Individual assessment of varied depth defects: As seen in the performance indices (Fig. 7) and Fig. 8c, the F3 and F10 filters yielded the best results for the deepest defect D1. Unlike the unified assessment, RMS and MSR did not demonstrate the success here as they displayed various combinations on the green scale, apart from F3 and F11. On the other hand, MAE and CC indices were consistent with the images (F11, F13, F14, F15). For defect D2, F7 and F13 filters with BP + SG combinations delivered optimal results. However, this situation was not reflected on the images. In contrast to successful predictions of SINAD and THD in the unified assessment, RMS and MSR indices exhibited more successful results for combinations of Wiener. Nevertheless, MAE and CC indices did not align with the images in this assessment (Fig. 8d). Finally, the shallowest defect D3 was clearly identified in CMU-SAFT images which is not frequently encountered in the literature. Particularly the Wiener filter contributed to this clarity. Although combinations of Wiener filters with others enhanced defect visibility, background noise overshadowed the image. This success is notably highlighted in the SNR vs. SINAD relation (Fig. 8e) and RMS and MSR indices. However, MAE and CC indices did not demonstrate compatibility with the images in this evaluation.

5 Conclusions

This paper introduces a novel CMU-SAFT approach to enable SAFT technique for conventional ultrasonic measurements without the need for specialized equipment. The innovation enhances the versatility of SAFT, enabling its use in scenarios where matrix antenna array-equipped devices may not be available or practical and preventing hyperbolic patterns. While the results obtained from a concrete containing delamination defects at various depths have demonstrated the effectiveness of the CMU-SAFT technique with conventional-mode devices, particularly in imaging the shallow defect that is not commonly encountered in the literature, the study also quantitatively assessed the contributions of different denoising filters on CMU-SAFT images with statistical performance indices.

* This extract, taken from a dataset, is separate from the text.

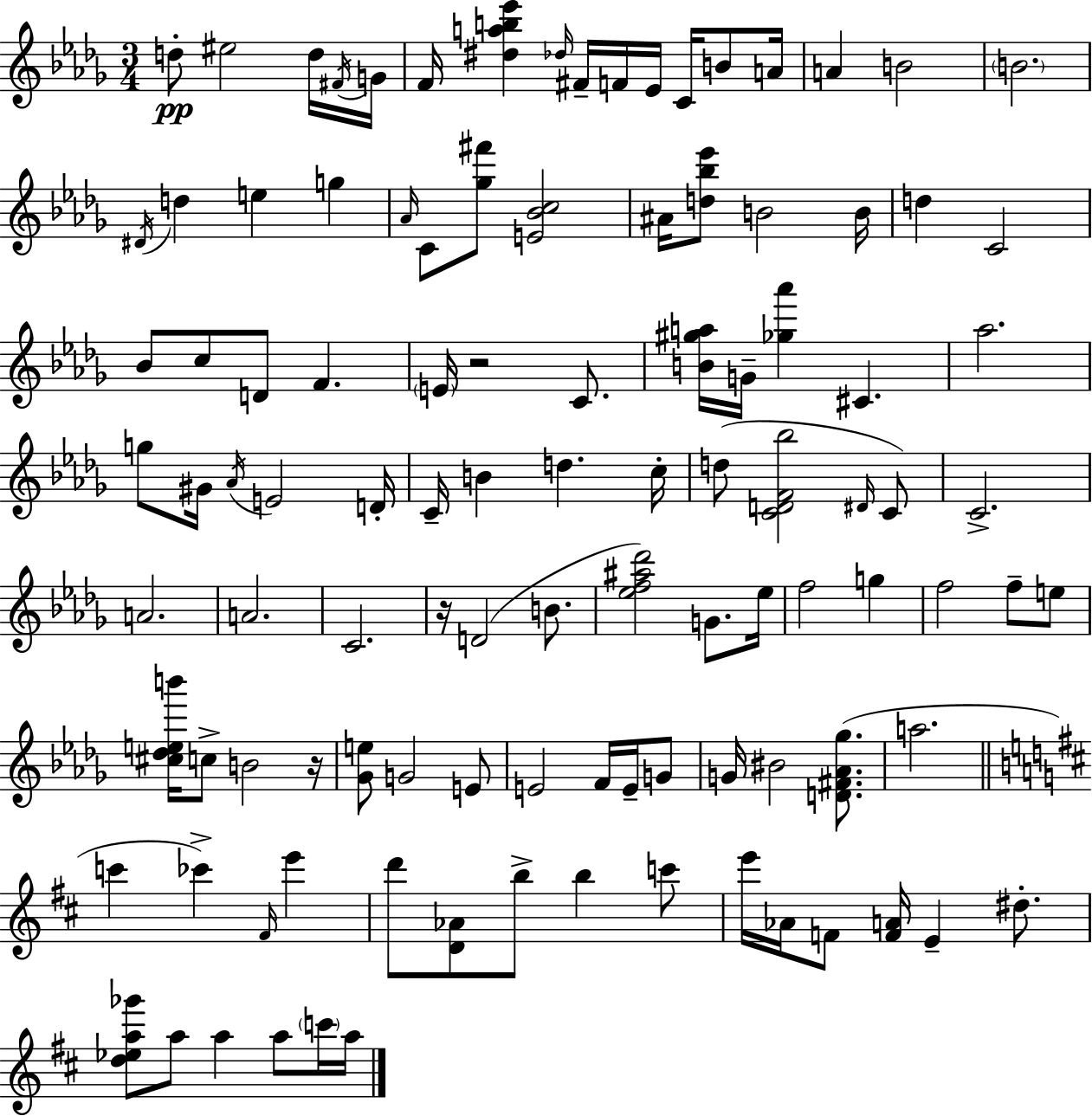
D5/e EIS5/h D5/s F#4/s G4/s F4/s [D#5,A5,B5,Eb6]/q Db5/s F#4/s F4/s Eb4/s C4/s B4/e A4/s A4/q B4/h B4/h. D#4/s D5/q E5/q G5/q Ab4/s C4/e [Gb5,F#6]/e [E4,Bb4,C5]/h A#4/s [D5,Bb5,Eb6]/e B4/h B4/s D5/q C4/h Bb4/e C5/e D4/e F4/q. E4/s R/h C4/e. [B4,G#5,A5]/s G4/s [Gb5,Ab6]/q C#4/q. Ab5/h. G5/e G#4/s Ab4/s E4/h D4/s C4/s B4/q D5/q. C5/s D5/e [C4,D4,F4,Bb5]/h D#4/s C4/e C4/h. A4/h. A4/h. C4/h. R/s D4/h B4/e. [Eb5,F5,A#5,Db6]/h G4/e. Eb5/s F5/h G5/q F5/h F5/e E5/e [C#5,Db5,E5,B6]/s C5/e B4/h R/s [Gb4,E5]/e G4/h E4/e E4/h F4/s E4/s G4/e G4/s BIS4/h [D4,F#4,Ab4,Gb5]/e. A5/h. C6/q CES6/q F#4/s E6/q D6/e [D4,Ab4]/e B5/e B5/q C6/e E6/s Ab4/s F4/e [F4,A4]/s E4/q D#5/e. [D5,Eb5,A5,Gb6]/e A5/e A5/q A5/e C6/s A5/s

The findings of the study reveal insightful conclusions regarding the effectiveness of different filters. The examination of waveforms and CMU-SAFT images post-filtering underscores the limitations of the band pass filter, emphasizing the superior noise reduction capabilities of the wavelet filter, particularly in smoothing out noise and enhancing backwall reflection. Wiener emerges as the top performer in noise elimination, presenting exceptionally smooth waveforms. Considering surface conditions, band pass proving inadequate in rough surfaces but Wavelet excelling in smooth surface environments. The efficacy of Wiener for visualizing deep and midlevel defects is highlighted, but cautioning against Wiener in narrow regions due to potential backwall interruptions. Wavelet demonstrates superior performance in determining backwall length. It emphasizes the importance of nuanced evaluations for different depth defects, as averaging performance indicators may lead to misinterpretations. SINAD has been shown to be superior to SNR in accurately evaluating the noise signal ratio. SINAD and THD are more successful for performance assessment in narrow regions. Performances of MAE, CC, RMS, and MSR are affected by the depth of the defect and the width of the examined region. Consequently, CMU-SAFT technique can lead to overcome existing technological limitations, making it more economical, broader applicability and preventing the need for specialized equipment by utilizing recommended filters and indicators under specific conditions.